● **Work order**: Copy verbatim the material from its first line to the line that holds "La Traviata Opera", including that line.

● **Data for processing**:

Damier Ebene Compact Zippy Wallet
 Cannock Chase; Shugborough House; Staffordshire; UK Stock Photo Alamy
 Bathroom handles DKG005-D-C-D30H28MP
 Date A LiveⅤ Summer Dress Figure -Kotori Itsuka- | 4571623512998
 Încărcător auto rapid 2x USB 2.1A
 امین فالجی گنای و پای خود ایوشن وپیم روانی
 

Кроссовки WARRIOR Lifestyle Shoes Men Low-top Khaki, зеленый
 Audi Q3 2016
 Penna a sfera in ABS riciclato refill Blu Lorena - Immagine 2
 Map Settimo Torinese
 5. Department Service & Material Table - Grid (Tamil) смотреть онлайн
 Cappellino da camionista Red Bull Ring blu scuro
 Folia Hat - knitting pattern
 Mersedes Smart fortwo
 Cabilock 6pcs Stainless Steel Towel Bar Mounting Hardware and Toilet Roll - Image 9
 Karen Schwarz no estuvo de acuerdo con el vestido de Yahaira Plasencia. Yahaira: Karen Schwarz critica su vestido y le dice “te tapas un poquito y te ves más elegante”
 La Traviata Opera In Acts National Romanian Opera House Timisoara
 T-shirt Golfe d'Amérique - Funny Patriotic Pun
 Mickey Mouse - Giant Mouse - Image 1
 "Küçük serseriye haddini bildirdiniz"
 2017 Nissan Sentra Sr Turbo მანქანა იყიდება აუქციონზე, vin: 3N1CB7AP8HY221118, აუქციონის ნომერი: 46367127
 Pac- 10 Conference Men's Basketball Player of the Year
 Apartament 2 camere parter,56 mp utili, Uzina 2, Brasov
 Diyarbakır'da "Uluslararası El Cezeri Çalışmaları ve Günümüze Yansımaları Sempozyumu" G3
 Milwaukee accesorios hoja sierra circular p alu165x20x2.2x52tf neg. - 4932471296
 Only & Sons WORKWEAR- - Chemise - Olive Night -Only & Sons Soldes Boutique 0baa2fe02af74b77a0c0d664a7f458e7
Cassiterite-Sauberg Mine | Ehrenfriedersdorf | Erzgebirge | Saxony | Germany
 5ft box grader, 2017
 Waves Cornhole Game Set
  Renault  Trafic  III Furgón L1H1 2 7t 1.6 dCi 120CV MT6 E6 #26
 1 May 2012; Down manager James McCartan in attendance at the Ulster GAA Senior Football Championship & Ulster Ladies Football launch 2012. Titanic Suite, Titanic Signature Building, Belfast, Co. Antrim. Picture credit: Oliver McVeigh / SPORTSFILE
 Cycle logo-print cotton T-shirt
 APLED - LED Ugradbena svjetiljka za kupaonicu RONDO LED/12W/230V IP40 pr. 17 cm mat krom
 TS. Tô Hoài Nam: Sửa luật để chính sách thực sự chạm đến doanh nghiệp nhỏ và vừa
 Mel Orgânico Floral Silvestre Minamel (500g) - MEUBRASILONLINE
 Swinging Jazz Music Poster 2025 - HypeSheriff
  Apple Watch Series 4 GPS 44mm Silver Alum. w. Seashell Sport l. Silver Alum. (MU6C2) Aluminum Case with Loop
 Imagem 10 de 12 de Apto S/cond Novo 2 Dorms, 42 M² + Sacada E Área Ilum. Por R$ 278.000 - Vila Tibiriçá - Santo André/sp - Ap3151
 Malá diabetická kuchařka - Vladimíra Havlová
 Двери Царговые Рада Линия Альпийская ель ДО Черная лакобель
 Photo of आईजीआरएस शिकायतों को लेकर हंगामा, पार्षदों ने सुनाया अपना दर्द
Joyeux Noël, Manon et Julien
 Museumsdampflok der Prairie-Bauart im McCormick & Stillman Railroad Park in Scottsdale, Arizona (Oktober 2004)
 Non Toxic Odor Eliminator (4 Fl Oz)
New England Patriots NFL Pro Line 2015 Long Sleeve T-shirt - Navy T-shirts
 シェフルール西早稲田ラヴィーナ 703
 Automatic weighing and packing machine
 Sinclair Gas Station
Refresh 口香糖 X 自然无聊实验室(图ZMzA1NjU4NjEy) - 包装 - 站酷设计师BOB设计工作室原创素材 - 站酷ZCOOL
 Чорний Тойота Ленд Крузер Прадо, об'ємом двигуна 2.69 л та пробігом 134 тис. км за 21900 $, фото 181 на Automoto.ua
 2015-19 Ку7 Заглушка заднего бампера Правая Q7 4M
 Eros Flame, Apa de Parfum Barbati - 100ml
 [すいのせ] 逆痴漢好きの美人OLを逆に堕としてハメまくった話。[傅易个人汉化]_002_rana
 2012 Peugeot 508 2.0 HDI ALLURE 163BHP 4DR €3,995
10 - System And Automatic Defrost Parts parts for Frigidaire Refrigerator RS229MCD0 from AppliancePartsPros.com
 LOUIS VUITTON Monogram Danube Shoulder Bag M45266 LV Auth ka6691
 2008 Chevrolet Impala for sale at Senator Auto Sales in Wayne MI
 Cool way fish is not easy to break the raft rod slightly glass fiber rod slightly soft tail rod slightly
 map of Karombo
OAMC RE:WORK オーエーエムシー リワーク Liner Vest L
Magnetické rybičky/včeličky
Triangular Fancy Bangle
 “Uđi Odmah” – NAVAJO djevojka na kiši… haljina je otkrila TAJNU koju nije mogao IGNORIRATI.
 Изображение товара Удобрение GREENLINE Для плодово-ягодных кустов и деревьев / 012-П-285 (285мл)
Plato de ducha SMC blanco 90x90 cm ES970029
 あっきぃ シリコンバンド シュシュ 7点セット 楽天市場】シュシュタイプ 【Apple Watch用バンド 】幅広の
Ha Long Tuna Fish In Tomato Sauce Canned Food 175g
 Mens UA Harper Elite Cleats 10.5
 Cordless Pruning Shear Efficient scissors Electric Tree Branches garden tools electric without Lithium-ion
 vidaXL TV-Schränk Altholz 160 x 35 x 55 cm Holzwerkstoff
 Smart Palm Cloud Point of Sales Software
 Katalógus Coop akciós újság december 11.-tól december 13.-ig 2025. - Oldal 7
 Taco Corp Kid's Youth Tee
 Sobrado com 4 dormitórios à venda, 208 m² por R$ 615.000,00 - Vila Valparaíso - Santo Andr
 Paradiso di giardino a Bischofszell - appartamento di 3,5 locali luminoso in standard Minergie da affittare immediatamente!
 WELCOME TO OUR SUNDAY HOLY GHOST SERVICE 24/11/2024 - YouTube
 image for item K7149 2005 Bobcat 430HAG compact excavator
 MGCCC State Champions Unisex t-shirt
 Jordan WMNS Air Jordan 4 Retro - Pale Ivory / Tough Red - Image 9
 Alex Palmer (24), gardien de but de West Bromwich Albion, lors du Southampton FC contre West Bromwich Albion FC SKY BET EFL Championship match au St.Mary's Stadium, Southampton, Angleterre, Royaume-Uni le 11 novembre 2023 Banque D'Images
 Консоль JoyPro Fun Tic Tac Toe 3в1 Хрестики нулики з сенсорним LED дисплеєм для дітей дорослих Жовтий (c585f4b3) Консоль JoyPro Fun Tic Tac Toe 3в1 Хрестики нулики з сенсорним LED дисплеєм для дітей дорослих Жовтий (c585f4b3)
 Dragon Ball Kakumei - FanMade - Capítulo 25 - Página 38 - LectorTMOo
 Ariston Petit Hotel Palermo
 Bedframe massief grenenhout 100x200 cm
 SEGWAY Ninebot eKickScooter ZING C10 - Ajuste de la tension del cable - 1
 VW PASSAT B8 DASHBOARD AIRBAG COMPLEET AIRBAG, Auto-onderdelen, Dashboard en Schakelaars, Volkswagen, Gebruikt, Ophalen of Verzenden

● **Exercise response**:
Damier Ebene Compact Zippy Wallet
 Cannock Chase; Shugborough House; Staffordshire; UK Stock Photo Alamy
 Bathroom handles DKG005-D-C-D30H28MP
 Date A LiveⅤ Summer Dress Figure -Kotori Itsuka- | 4571623512998
 Încărcător auto rapid 2x USB 2.1A
 امین فالجی گنای و پای خود ایوشن وپیم روانی
 

Кроссовки WARRIOR Lifestyle Shoes Men Low-top Khaki, зеленый
 Audi Q3 2016
 Penna a sfera in ABS riciclato refill Blu Lorena - Immagine 2
 Map Settimo Torinese
 5. Department Service & Material Table - Grid (Tamil) смотреть онлайн
 Cappellino da camionista Red Bull Ring blu scuro
 Folia Hat - knitting pattern
 Mersedes Smart fortwo
 Cabilock 6pcs Stainless Steel Towel Bar Mounting Hardware and Toilet Roll - Image 9
 Karen Schwarz no estuvo de acuerdo con el vestido de Yahaira Plasencia. Yahaira: Karen Schwarz critica su vestido y le dice “te tapas un poquito y te ves más elegante”
 La Traviata Opera In Acts National Romanian Opera House Timisoara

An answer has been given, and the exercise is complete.